_INFORMATION PROVIDED_.
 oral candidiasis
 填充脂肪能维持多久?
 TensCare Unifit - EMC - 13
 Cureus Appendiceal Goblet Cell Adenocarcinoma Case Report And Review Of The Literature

_TASK GOAL_.
Return all data verbatim.

_RESPONSE TO THIS TASK_.
 oral candidiasis
 填充脂肪能维持多久?
 TensCare Unifit - EMC - 13
 Cureus Appendiceal Goblet Cell Adenocarcinoma Case Report And Review Of The Literature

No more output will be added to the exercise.